Pupils generally take the Common Entrance Exam at the end of Year 8 and many progress to senior private schools. Some also leave at Year 6 for local grammar schools, or other independent schools.

==Choir==
The school continues to serve its original function of educating choristers of the cathedral choir. Every year auditions are held for children between ages 7 and 9 and successful applicants receive scholarships to attend the school. It was the first English cathedral to allow girls to become choristers, and is unique in that the girls have equal duties with the boys. Many choristers board in a large boarding house located near the school.

== In media ==
The school featured in a BBC television documentary entitled Angelic Voices: The Choristers of Salisbury Cathedral, which was first broadcast in March 2012.

==Notable former pupils==

- John of Salisbury (c. 1120–1180): Author, diplomat and Bishop of Chartres
- Henry Lawes (1595–1662): Musician and composer. A Gentleman of the Chapel Royal in the reigns of King Charles I & King Charles II. He was appointed Musician in the 'Private Musick for the Voices' to King Charles II. (Buried in Westminster Abbey).
- William Lawes (1602–1645): Brother of Henry Lawes (above). Composer and musician. Appointed as 'Musician in Ordinary for Lutes and Voices' to King Charles I. He was killed during the rout of the Royalists at the Battle of Rowton Heath.
- Edward Lowe (c.1602–1682): Composer, author & organist. Professor of Music at Oxford University (1671–1682).
- Sir Stephen Fox (1627–1716): [Noted in John Evelyn's Diary as ‘…a poore boy from the quire of Salisbury’]. Founder of The Royal Hospital, Chelsea; Commissioner of the Treasury.
- Thomas Wyndham, 1st Baron Wyndham of Finglass (1681–1745): Lawyer; Lord Chancellor of Ireland (1728); Lord High Steward of Ireland (1739).
- John Greenhill (1644?–1676): English portrait painter and draughtsman (Associated with 24 major portraits). Pupil of Sir Peter Lely.
- Henry Greenhill (1646–1708): (Brother of John Greenhill, above) As a Commissioner of the Admiralty, directed the building of Plymouth Dockyard.
- James Harris (1709–1780): Grammarian and politician.
- James Harris, 1st Earl of Malmesbury GCB (1746–1820): Son of the above and noted diplomat.
- William Benson Earle (1740–1796): Author & composer.
- Sir George Ridout Bingham, KCB (1777–1833): Army Officer in the Peninsular War. Commanded the garrison of St.Helena guarding the Emperor Napoleon.
- Bernard George Ellis (1890–1979): Winner of the George Cross in 1918.
- Walter Kendall Stanton (1891–1978): Organist & composer.
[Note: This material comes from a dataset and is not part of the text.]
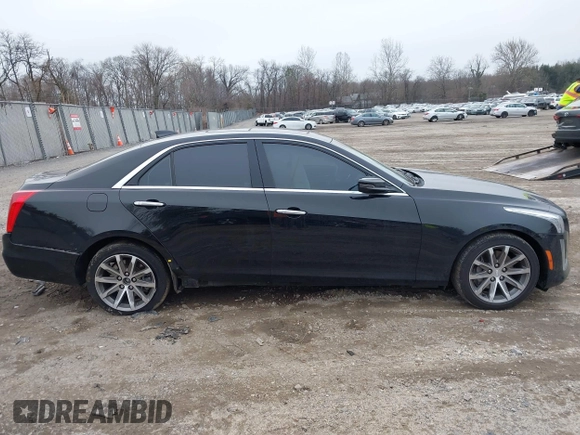 2016 Cadillac CTS Luxury Collection AWD with VIN 1G6AX5SS9G0194228, listed as a IAAI auction lot 41504476 with 94,573 mi miles and . Bid and sale history available at DreamBid. Image 12.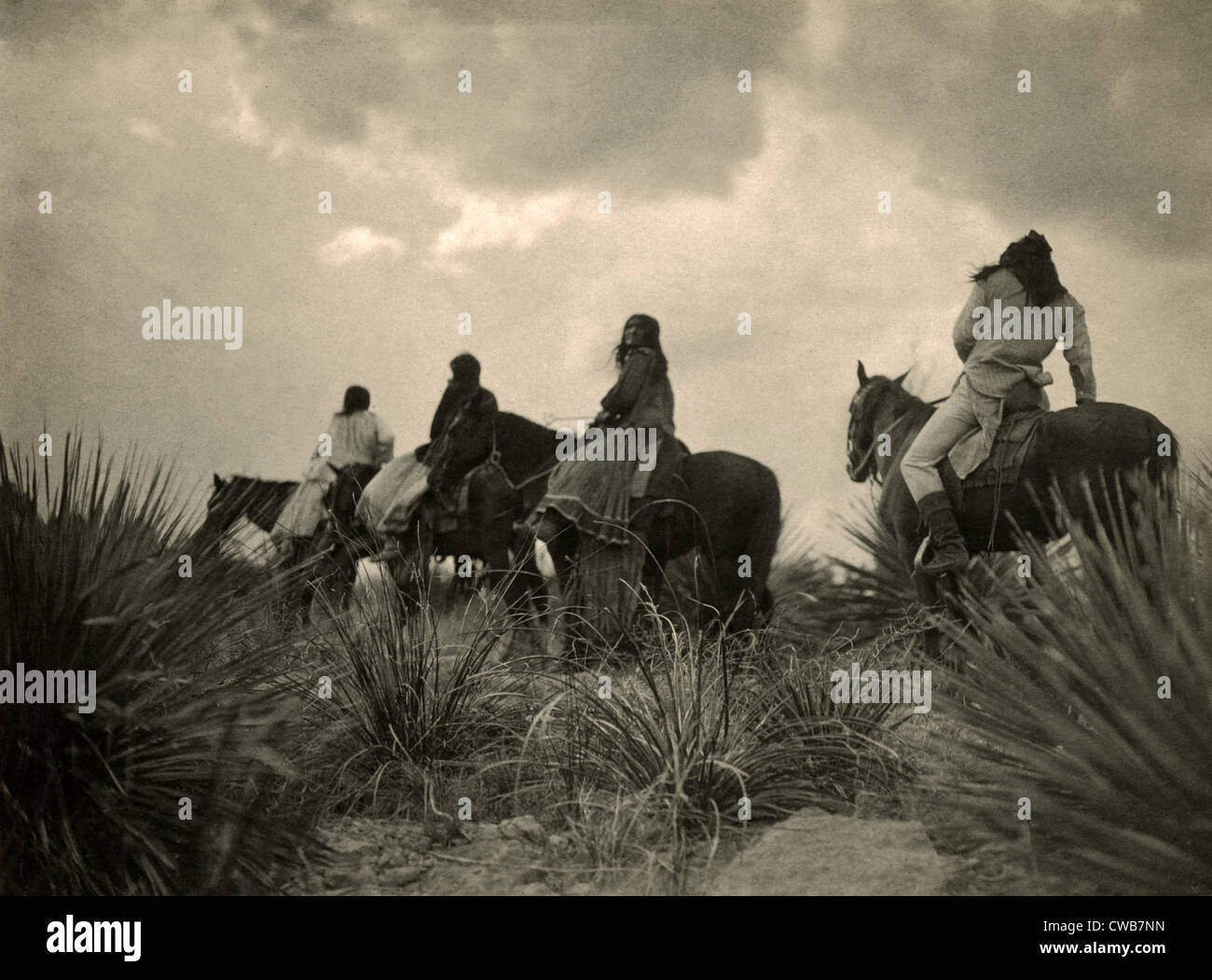 Apachen. Vor dem Sturm - vier Apache auf dem Pferderücken zu Pferd unter Gewitterwolken. Foto von Curtis, 1906 Stockfoto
Director of BBC Midland Radio Music. Editor of the BBC Hymn Book. First Professor of Music at Bristol University.
- Stephen Clissold (1913–1982): Author: subjects include mediæval mystics, Latin America & Yugoslavia. In 2nd World War, worked with the British Mission to Yugoslavia. He was the interpreter between Sir Winston Churchill & Marshal Tito at their first meeting.
- Doctor Bernard Rose (1916–1996): Don, organist and master of the choristers, Magdalen College, Oxford.
- Professor John Blacking (1928–1990): Anthropologist and ethnomusicologist.
- Professor Nicholas Daniel (born 1962): Oboist & conductor.
- David Gascoyne (1916–2001): Surrealist poet.
- Air Vice-Marshal David Hills CB OBE (born 1925)
- Robert Key MP (born 1945): Conservative politician.
- Michael Mates MP (born 1934): Conservative politician.
- Martin Woodhouse (1932–2011): Author and scriptwriter.
- Jonathan Meades (born 1947): Writer and television film-maker.
- Mike Wedgwood (born 1950): Bass guitarist, formerly a member of The Overlanders, Curved Air and Caravan.
- Robert Wilkie (born 1962): Former United Secretary of Veterans Affairs.